Por vezes aparece uma fotografia de um quadro que devia estar ali, e não está porque foi levado pelos russos no fim da guerra. Aliás: em muitos museus berlinenses são exibidas fotografias ou cópias de peças que foram roubadas.
(Agora podem dizer: ah, sim, mas os alemães também...
Sim, os alemães também, e de muitas maneiras. Contudo, parece-me saudável dar visibilidade a esses episódios, independentemente dos autores.)
Na exposição também há fotografias de quadros que foram confiscados no período nazi, por serem considerados "arte degenerada". O mais curioso é que os nazis decidiam o que era "arte degenerada" e confiscava as peças, e depois alguns dos maiores do regime apropriavam-se das que mais lhes agradavam. Alguns desses quadros proibidos salvaram-se assim, outros desapareceram já no fim da guerra.
Na sala dedicada ao cubismo havia dois quadros de Picasso. Uma família de turistas espanhóis, com filhos pequenos, entrou na sala e foi direita ao conterrâneo. "Mira, Picasso!" - chamou a mãe. E a filha, talvez cinco anitos, olhava perplexa para aqueles bocados de mulher e violino repartidos ao calhas por um quadriculado, e repetia "Picasso... Picasso..." como um mantra.

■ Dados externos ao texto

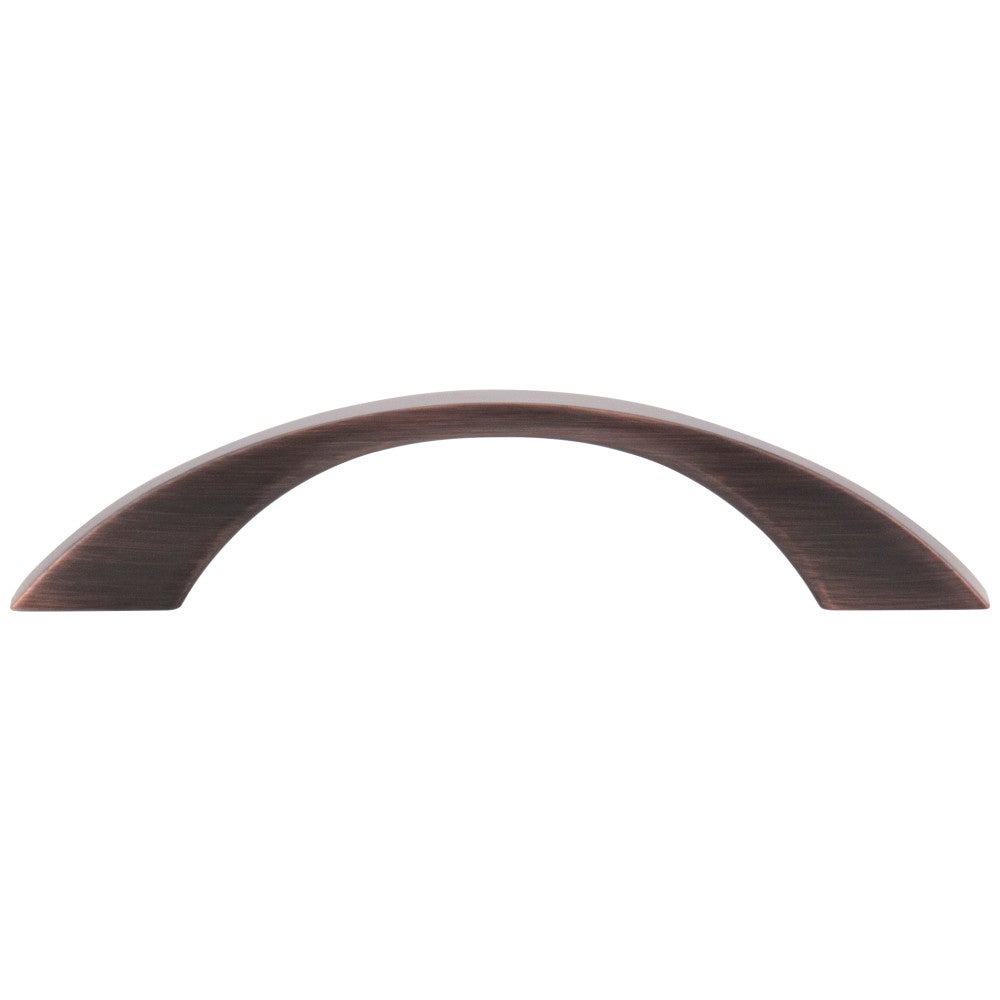 Hardware Resources 96 mm Center-to-Center Satin Nickel Flared Philip Cabinet Pull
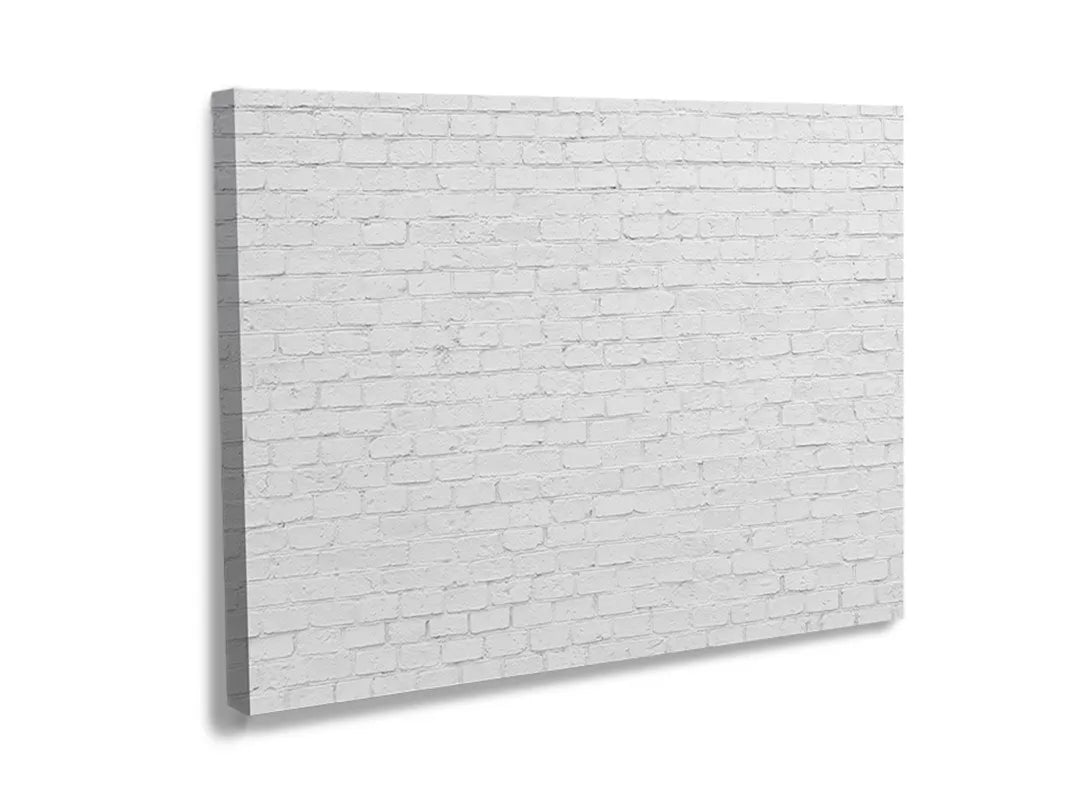 Kurkborden op canvas met witte bakstenen muurstructuur – formaat 120 × 80 cm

Um dia destes hei-de-me lembrar de escrever um livro de conselhos para pais, "como fazer com que os seus filhos fujam de tudo o que parece cultura". É muito fácil. Mas desconfio que não se vai tornar um best-seller, porque os pais já sabem fazer isso tudo muito bem.
6 comentários:
Uma canseira, portanto. Ainda bem que aqui na Merdaleja não há tanto por onde escolher, ou andaríamos todos a ansiolíticos.
Pois...
Quando vieres a Berlim, traz é alguma coisa para te dopares. Se vens só uma semana, vai-te dar uns 40 museus por dia, e três espectáculos por noite.
E quando é que me sobra um tempinho para uma bica, ao menos?
A bica? Mas é que a tomas permanentemente, por via intravenosa.
Caso contrário, nem aguentas, nem tens tempo...
(Depois pergunta ao Miguel como é.)
(Mas viste? Sobreviveu.)
Mas vinha tão magrinho, coitadinho.
Elegante.
Quem é que precisa de gastar dinheiro no ginásio, se bem o pode gastar na minha correria de museus?